Launching the new republic

The newly constituted government assembled in New York in April 1789. Madison immediately assumed the leading role in the first federal congress, which was responsible for filling in the outline of the constitution as well as for the legislation which it had been created to permit. He took the lead in introducing the first federal tariff and in the creation of executive departments, carrying the point that executive officials should be subject to removal only by the president. Most importantly, he took upon himself the preparation of the constitutional amendments that became the Bill of Rights .

Throughout the process of constitutional reform Madison's insistence on a stronger federal government had been accompanied by commitment to a system that could not escape popular control. His numbers of The Federalist described the new regime as neither wholly national nor strictly federal in structure, but rather as an unprecedented compound in which state and central governments, each dependent on the people, would each be restricted to the responsibilities each was best equipped to meet while still able to check intrusions by the other. His commitment to a system only partly national in structure, and his recognition that a Bill of Rights would conciliate critics, led him to reverse his opposition to immediate constitutional amendment and persevere against the opposition of others in congress.

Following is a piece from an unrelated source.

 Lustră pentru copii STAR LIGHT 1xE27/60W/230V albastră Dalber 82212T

These ideas may help explain the ‘reversal' of positions often imputed to Madison. Even by the second session of the new congress he was alarmed by the dangers he saw in the proposals of Alexander Hamilton, the secretary of the treasury, including sectional inequities and the broad construction of the constitution involved in their justification. He protested against Hamilton's proposed chartering of a national bank in 1791 as exceeding the powers allowed by the constitution—excessive reliance on implied congressional authority would tend to transmute a limited, republican regime into a unitary system detrimental to the revolution. He and Jefferson encouraged Philip Freneau to found the National Gazette , a semi-weekly watchdog over the usurpations of government. Madison contributed nineteen unsigned essays to this, seeking to alert the people to the danger, while organizing an opposition in the house. Before the end of 1792, he and Jefferson were the acknowledged leaders of a movement that soon became the first political party of the modern sort: the Jeffersonian or democratic republicans, ancestors of the later Democratic Party, but generally referred to in this period as the republicans.

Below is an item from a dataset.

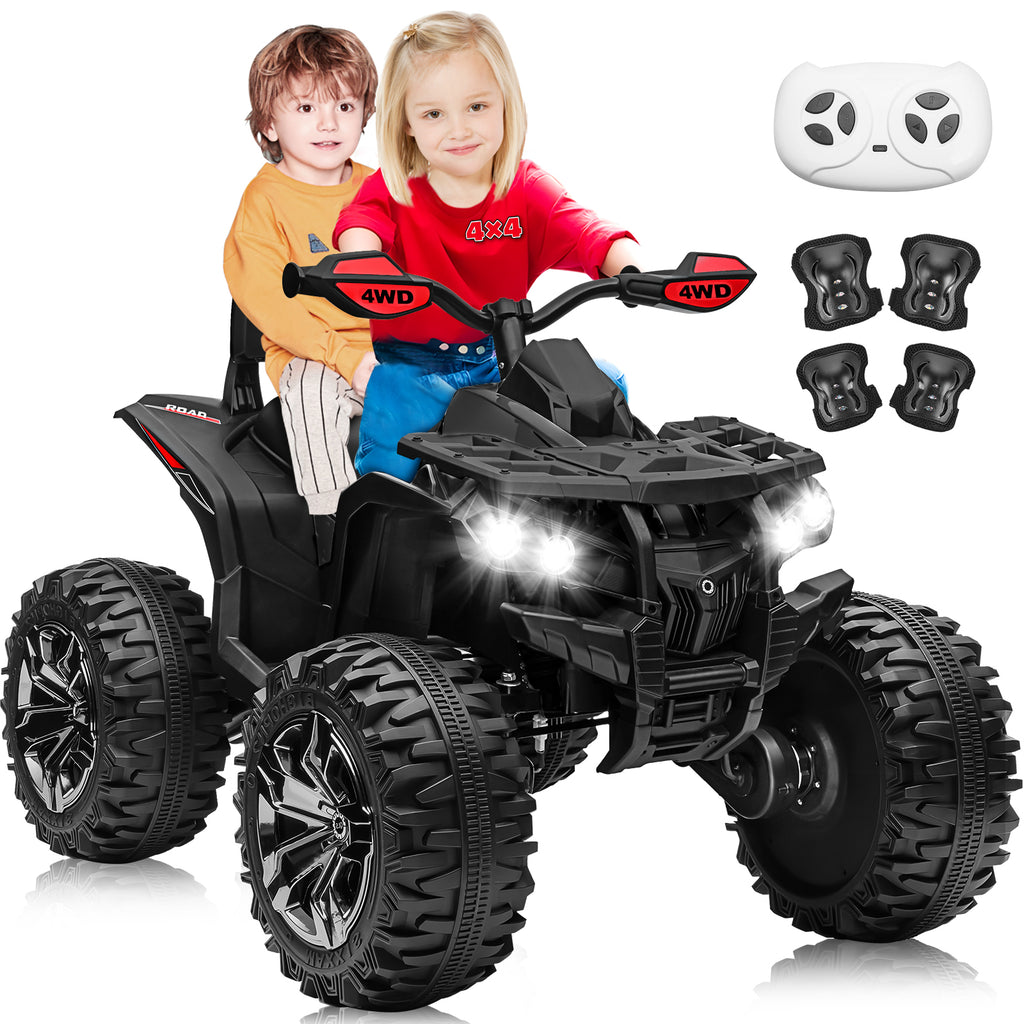 Sunnyfree Powerful ATV 24-volt Black Riding Toys (Powerful ATV)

Jefferson resigned as Washington's secretary of state in December 1793; Madison remained in the house of representatives as leader of the opposition party until adjournment of the fourth congress in March 1797, when a number of considerations led him to decline re-election. On 15 September 1794, at Harewood, in the Shenandoah valley, Virginia, after a courtship of four months, the long-time bachelor married the attractive young widow Dolley Payne Todd (1768–1849), daughter of John Payne, a Quaker and former plantation owner from Virginia who had freed his slaves and unsuccessfully set up as a starch manufacturer in Philadelphia, and Mary, née Coles. Her first husband, John Todd, a lawyer, had died in the previous year's yellow fever epidemic. The couple were childless, though Dolley had one surviving son from her previous marriage, John Payne Todd. Also in 1794 Madison's brother Ambrose, who had been largely responsible for managing the family plantation, died; with his father ailing and Jefferson newly elected vice-president, Madison decided that his thirty years of steady public service entitled him to retire to Montpelier, as the estate was now called.

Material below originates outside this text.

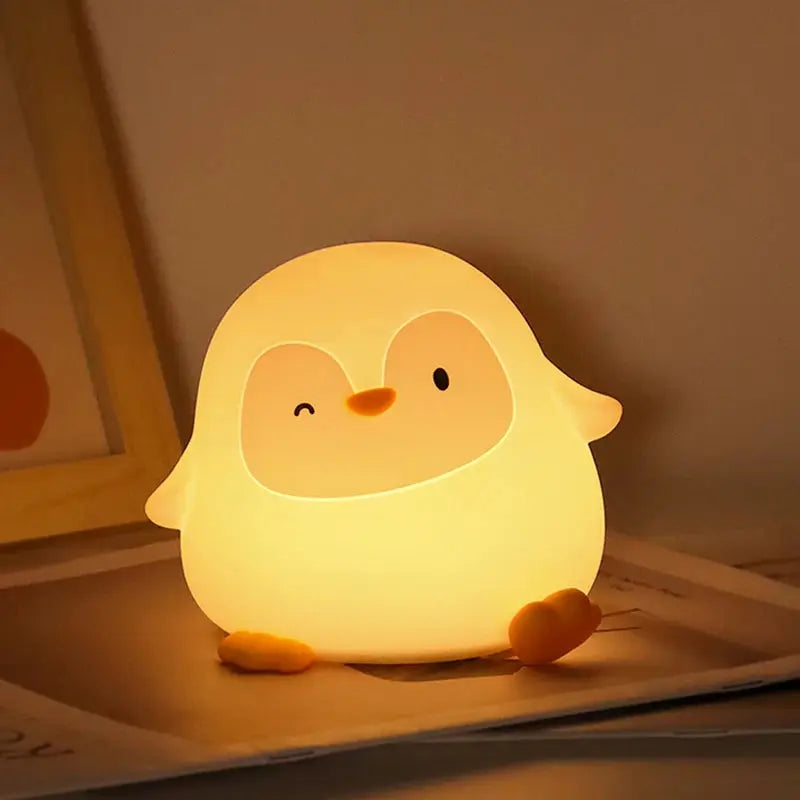 Lampe de nuit Squishy en Silicone, mignonne, renard, lapin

This retirement proved brief. In 1795 the Washington administration had avoided a crisis in relations with Britain by concluding a commercial treaty which, to the disgusted Madison and the republicans, sacrificed vital national interests as well as offending Britain's opponent, revolutionary France, which began to prey on US merchant shipping. By the spring of 1798 negotiations with France had failed: the consequent surge of patriotic fury allowed federalists in congress to launch a naval war with France and a bloodless reign of terror against the republican opposition, notably the Alien and Sedition Acts directed against the press.

The quasi-war with France, expansion of the army, and efforts to intimidate domestic opposition seemed to the republicans open signs of a conspiracy to undermine the constitutional republic and to forge a permanent alliance, maybe even reunion, with Great Britain. Jefferson and Madison responded by drafting resolutions condemning the Alien and Sedition Acts as unconstitutional and void, which were respectively passed by the legislatures of Kentucky (16 November 1798) and Virginia (24 December 1798).

No other state was willing to follow Virginia and Kentucky on a path which led, years later, to nullification and secession. This reluctance prompted Madison to stand for re-election to the state assembly in 1799 and to draft his great Report (1800), defending the 1798 resolutions, explaining the compact theory of the constitution, and initiating modern, literalist interpretations of the first amendment as proscribing any interference by government with the free development and circulation of opinion. The Kentucky and Virginia resolutions also opened the 1800 election campaign, which ended in victory for the republicans.

The Jeffersonian ascendancy

Madison returned to federal office as first lieutenant to his old ally Jefferson—not only secretary of state from 1801 to 1809 but also a principal adviser to the president on the policies arising from the latter's conviction that the federal balance required redress and the central government should be confined within the boundaries set at the ratification of the constitution. The Hamiltonians had relied on rapid economic growth as a path to the emergence of an integrated state with new native manufactures producing exportable goods and a large domestic agricultural market. The Jeffersonians stressed the republic's foundation on independent farmer–owners and the need to revitalize it through continuous overland expansion to the west; they hoped to free its maritime trade and provide new markets for its farmers but to delay urbanization and industrialization. Where Hamilton had seen the national debt as a useful backing for a stable currency supply, the republicans made its reduction a priority, seeing interest payments as a transference of wealth from the productive to the non-productive classes, also connecting dangerously and corruptingly (in the manner of the British system of finance) central government and special interest groups. In foreign policy, the republicans saw themselves as dedicated to a policy of genuine neutrality between Great Britain and the French republic, not the subservience to the former with which they reproached Washington and Adams.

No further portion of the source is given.